**Dataset:**
=== Begin Enclosure ===
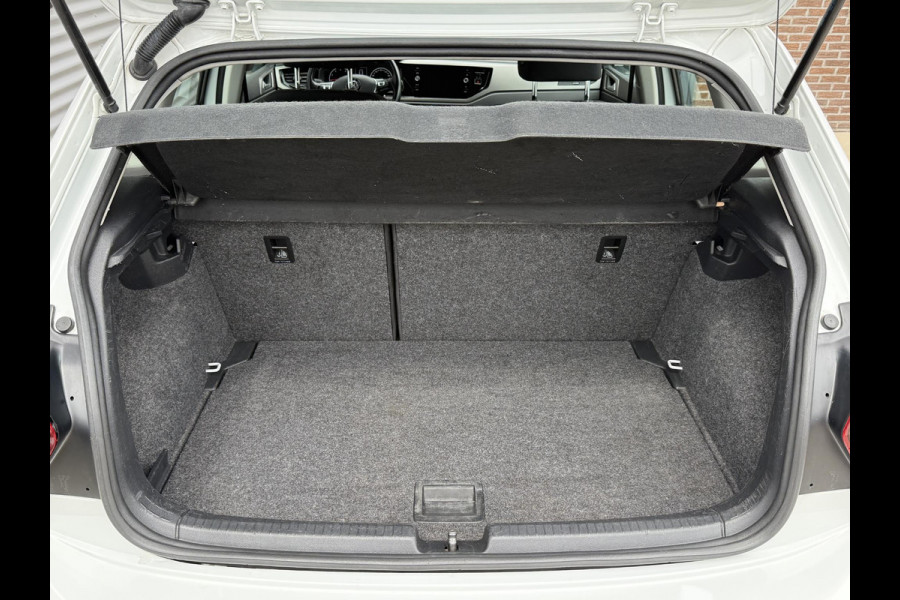 Volkswagen Polo 1.0 TSI Comfortline 2e Eigenaar|Navi|Carplay|Trekhaak|Cruise|Airco|N.A.P|APK tot 03-2027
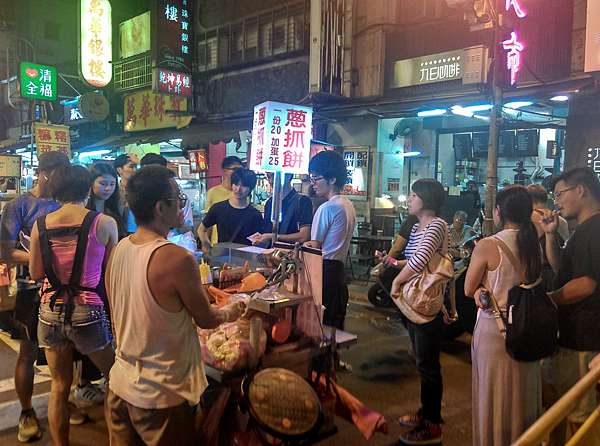 捷運龍山寺站美食 艋舺夜市小吃推薦 間必吃小吃 21 2月更新 萬華夜市 廣州街 華西街夜市美食 兩隻小豬 痞客邦 捷運龍山寺站美食 艋舺夜市小吃推薦 間必吃小吃 21 2月更新 萬華夜市 廣州街 華西街夜市美食 兩隻小豬 痞客邦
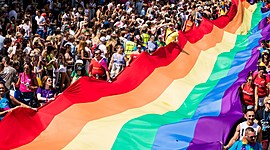 Timeline: La historia del movimiento LGTBI en España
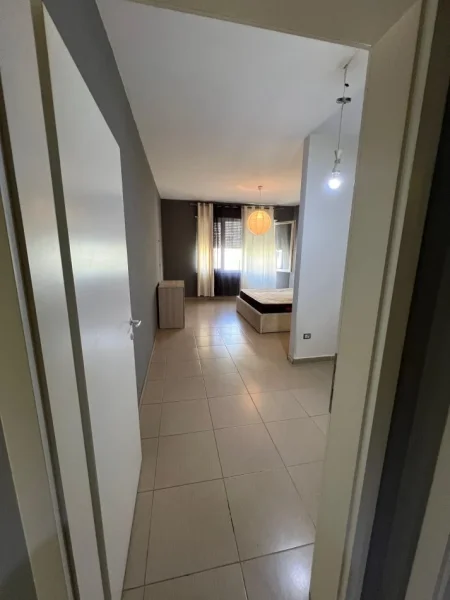 Tirane, shes apartament 2+1 Kati 3, 105 m² 230.000 € (Rruga hamdi garunja)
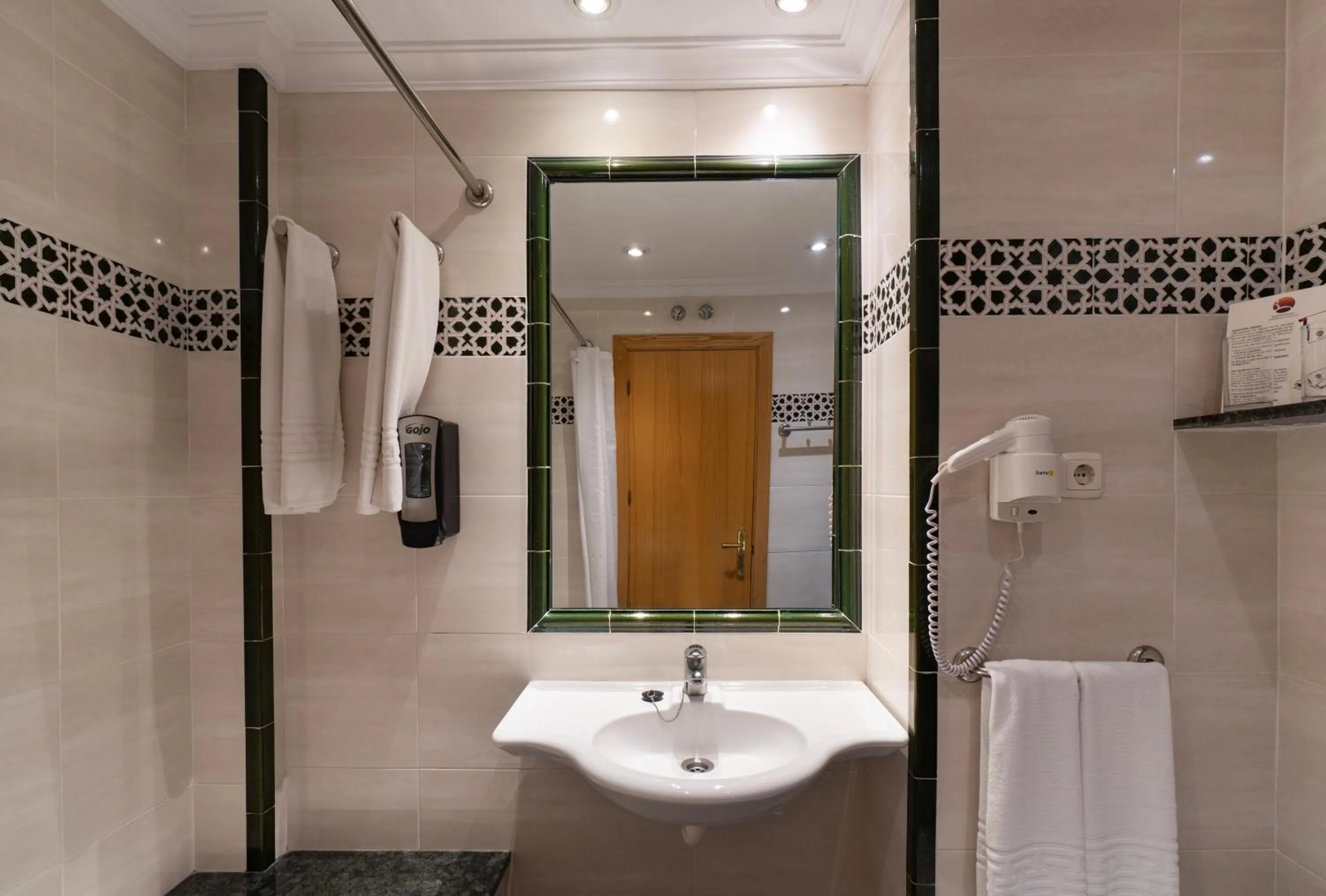 Bathroom in Hotel Apartamentos Bajondillo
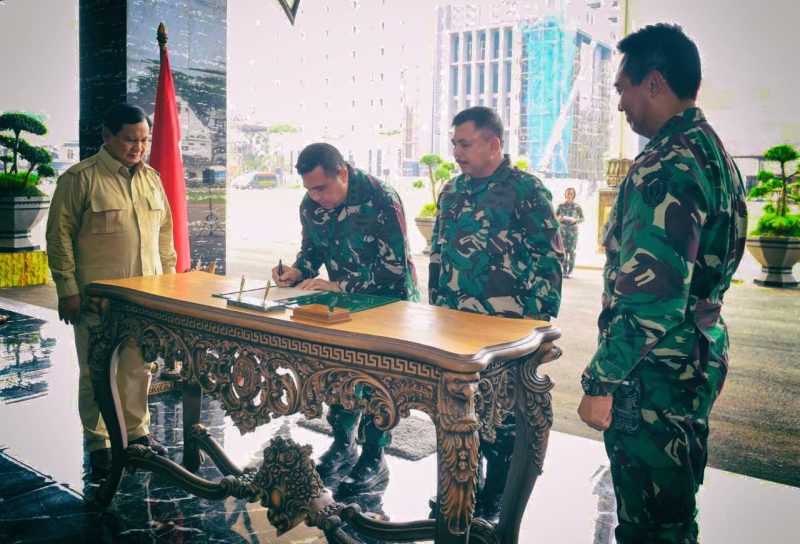 Kasad Andika Perkasa Pimpin Apel Danrem Dandim Terpusat TA. 2021. (Foto: Pelopor/tniad.mil.id)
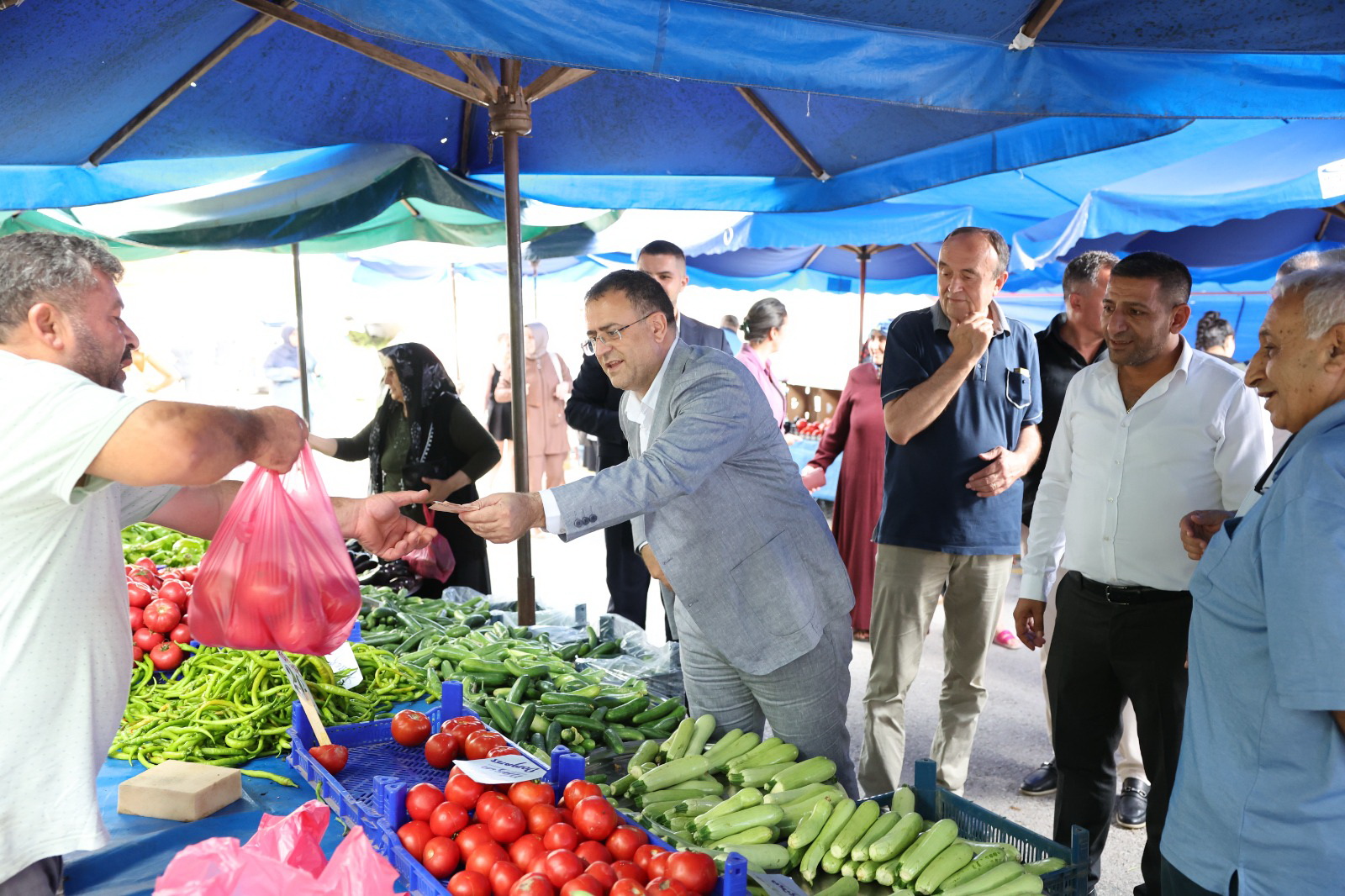 Bakan Gke Yeni Semt Pazarn Gezdi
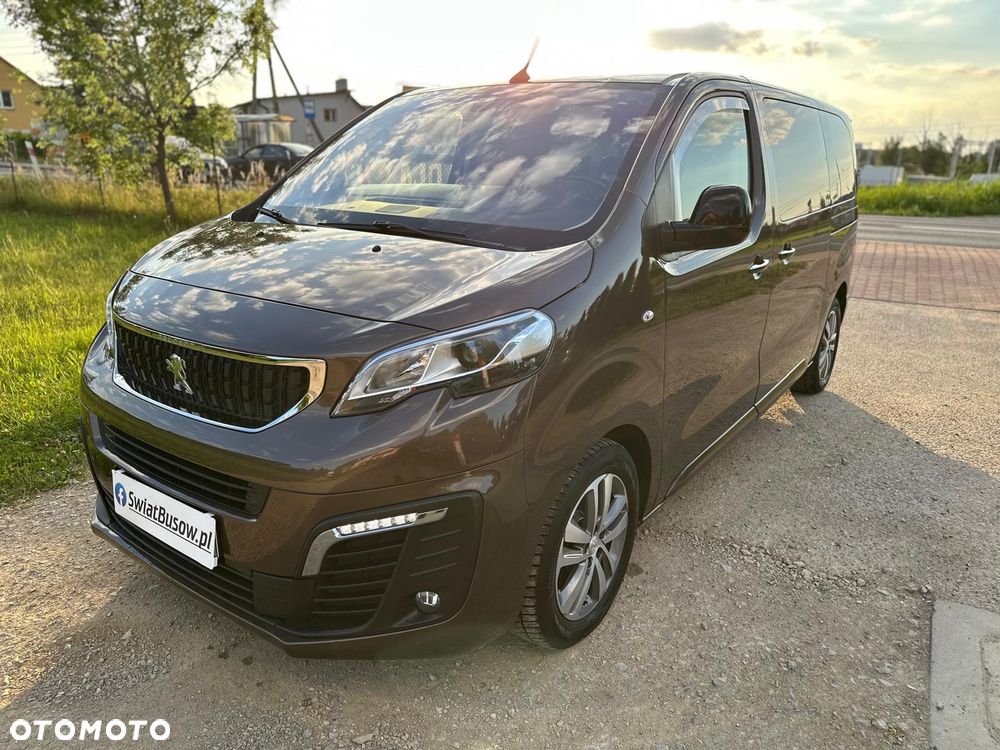 Peugeot Traveller L2 2.0 EAT8 Business VIP - 1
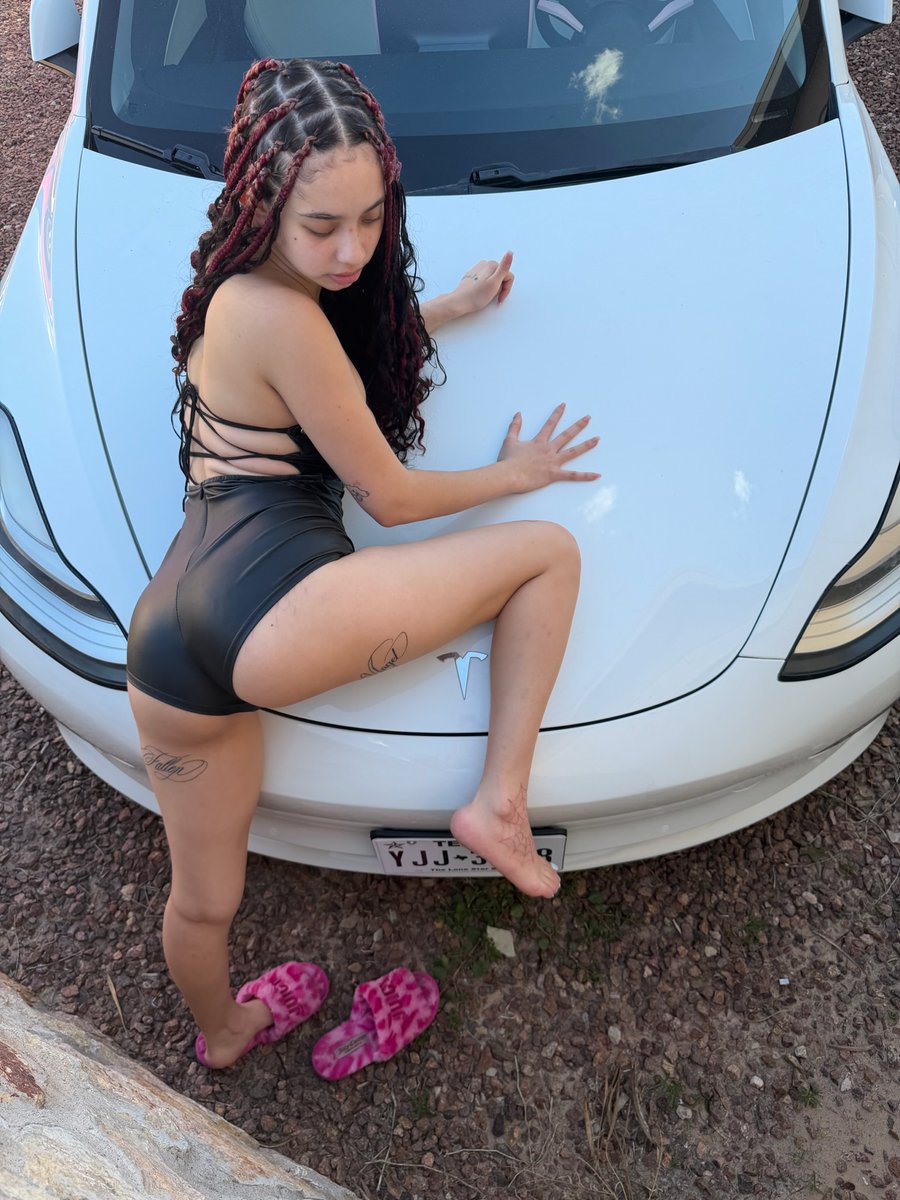 fatdemonkitty's tweet photo. A little preview before we go to the back seat https://t.co/m8thZJ95l9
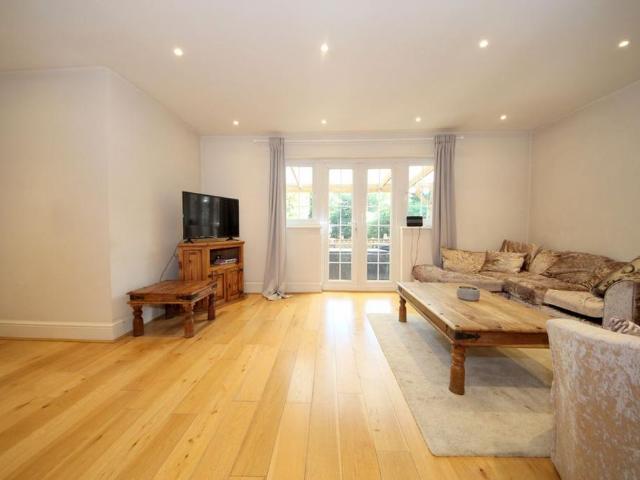 4 bedroom semi detached house to rent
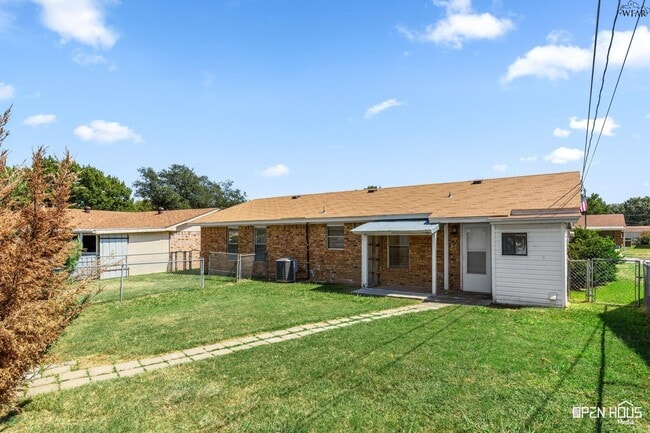 Building Photo - 212 Dirks Dr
=== End Enclosure ===
**Work required:**
Please give the records again word for word, omitting all images.

**Your solution:**
 Volkswagen Polo 1.0 TSI Comfortline 2e Eigenaar|Navi|Carplay|Trekhaak|Cruise|Airco|N.A.P|APK tot 03-2027
 捷運龍山寺站美食 艋舺夜市小吃推薦 間必吃小吃 21 2月更新 萬華夜市 廣州街 華西街夜市美食 兩隻小豬 痞客邦 捷運龍山寺站美食 艋舺夜市小吃推薦 間必吃小吃 21 2月更新 萬華夜市 廣州街 華西街夜市美食 兩隻小豬 痞客邦
 Timeline: La historia del movimiento LGTBI en España
 Tirane, shes apartament 2+1 Kati 3, 105 m² 230.000 € (Rruga hamdi garunja)
 Bathroom in Hotel Apartamentos Bajondillo
 Kasad Andika Perkasa Pimpin Apel Danrem Dandim Terpusat TA. 2021. (Foto: Pelopor/tniad.mil.id)
 Bakan Gke Yeni Semt Pazarn Gezdi
 Peugeot Traveller L2 2.0 EAT8 Business VIP - 1
 fatdemonkitty's tweet photo. A little preview before we go to the back seat https://t.co/m8thZJ95l9
 4 bedroom semi detached house to rent
 Building Photo - 212 Dirks Dr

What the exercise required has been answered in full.